This repository has been archived on 2024-05-11. You can view files and clone it, but cannot push or open issues or pull requests.
eae-am-deutschen-platz/documentation/INCIDENTS.md

3.6 KiB

Collection of all incidents

2022.06.30 17:00 - 18:00 | power issues on gw-core01

issue:

The protective cap of the power strip yanked the power supply of gw-core01 out of its socket. Therefore gw-core01 had no power.

solution:

Tape back the protective cap of the power strip and reinsert the power supply

impact:

No internet access for 2 hours

2022.06.30 12:00 - 2022.07.01 19:00 | wifi issues in tent 5

issue

A resident reported slow internet speeds. He resides in tent 5. I do not have more information. While trying to check logs for the ap I noticed that ap-ac7c is very slow and hangs/freezes a lot via ssh.

Rebooting did not solve the problem.

cause

Unknown

I've checked the ap the next day in person. I tested the ap with a different lan cable on a different switch port. The issued I've noticed the night before where not reproducible.

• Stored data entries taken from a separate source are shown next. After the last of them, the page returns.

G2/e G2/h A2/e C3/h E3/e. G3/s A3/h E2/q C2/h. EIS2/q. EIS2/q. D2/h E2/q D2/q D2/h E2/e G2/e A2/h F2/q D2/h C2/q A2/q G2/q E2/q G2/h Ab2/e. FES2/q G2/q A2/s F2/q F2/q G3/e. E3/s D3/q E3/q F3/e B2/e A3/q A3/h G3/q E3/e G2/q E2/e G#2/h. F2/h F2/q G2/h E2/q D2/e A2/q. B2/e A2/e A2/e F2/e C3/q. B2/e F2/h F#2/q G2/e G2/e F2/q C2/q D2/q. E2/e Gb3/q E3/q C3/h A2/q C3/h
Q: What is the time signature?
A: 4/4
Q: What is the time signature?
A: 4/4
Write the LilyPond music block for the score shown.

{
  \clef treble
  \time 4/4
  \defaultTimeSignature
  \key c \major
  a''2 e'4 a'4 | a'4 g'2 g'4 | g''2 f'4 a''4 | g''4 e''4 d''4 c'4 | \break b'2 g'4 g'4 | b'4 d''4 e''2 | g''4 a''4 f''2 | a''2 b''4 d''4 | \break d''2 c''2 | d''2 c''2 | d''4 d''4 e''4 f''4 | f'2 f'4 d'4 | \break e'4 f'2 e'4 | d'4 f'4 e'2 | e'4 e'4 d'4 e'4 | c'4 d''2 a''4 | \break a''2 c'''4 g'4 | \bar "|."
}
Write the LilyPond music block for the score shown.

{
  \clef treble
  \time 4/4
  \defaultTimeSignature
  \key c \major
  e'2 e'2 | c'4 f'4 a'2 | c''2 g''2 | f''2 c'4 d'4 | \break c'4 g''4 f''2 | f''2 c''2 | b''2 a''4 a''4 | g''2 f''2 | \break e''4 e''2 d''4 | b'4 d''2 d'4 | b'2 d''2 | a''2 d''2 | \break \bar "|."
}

But I did notice that the short patchcable (connecting the ap to the switch) had some light rust on it.

solution

01.07.2022 ~ 03:00 (shortterm): After noticing the issue myself I tried rebooting the ap. Unfortunately that did not solve the problem. To spare the clients from connecting to a bonkers ap I disabled poe for the switch port to take the ap offline:

root@sw-access02:~# uci show poe | grep lan2
poe.@port[1].name='lan2'
root@sw-access02:~# uci set poe.@port[1].enable=0
root@sw-access02:~# uci commit poe
root@sw-access02:~# /etc/init.d/poe restart

01.07.2022 ~ 19:00 (longterm): I could not reproduce the issue in person. To be on the safe side I replaced the short patchcable (connecting the ap to the switch) and ap: ap-ac7c -> ap-1a38. Afterwards I reenabled poe on the corrosponding switch port.

impact

  • 2022.06.31 12:00 - 2022.07.01 03:30: (probably) unreliable wifi for clients connected to ap-ac7c
  • 2022.07.01 03:30 - 2022.07.01 18:30: bad signal strength to clients in and around tent 5

notes

While disabling poe on the port connecting ap-ac7c I restarted the poe service. That resulted in all ports shortly dropping power. Therefore I also accidentially rebooted ap-2bbf.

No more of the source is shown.